Doran went further still. He claimed that U.S. soldiers were present when the containers were opened, and ordered the destruction of the ghastly evidence inside. "When the containers were finally opened, a mess of urine, blood, faeces, vomit and rotting flesh was all that remained ... As the containers were lined up outside the prison, a [U.S.] soldier accompanying the convoy was present when the prison commanders received orders to dispose of the evidence quickly." He cites witness testimony to the effect that "In each container maybe 150-160 [prisoners] had been killed. ... The Americans told the Shebarghan people to get them outside the city before they were filmed by satellite."
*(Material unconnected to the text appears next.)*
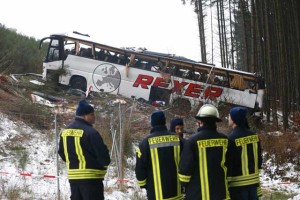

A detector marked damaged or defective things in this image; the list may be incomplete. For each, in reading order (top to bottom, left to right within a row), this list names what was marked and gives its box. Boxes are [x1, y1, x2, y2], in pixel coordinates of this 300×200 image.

crashed bus [39, 31, 264, 112]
A key question is who, precisely, was in charge at Shebarghan. There is strong prima facie evidence that the U.S. was in fact in control -- at least in the sense that Israeli forces were directing events when they ushered their Christian Phalangist allies into the Palestinian refugee camps of Sabra and Shatila in 1982. Newsweek's detailed investigation into the Afghan atrocities ("The Death Convoy of Afghanistan," 26 August 2002) stated straightforwardly that "American forces were working intimately with 'allies' who committed what could well qualify as war crimes."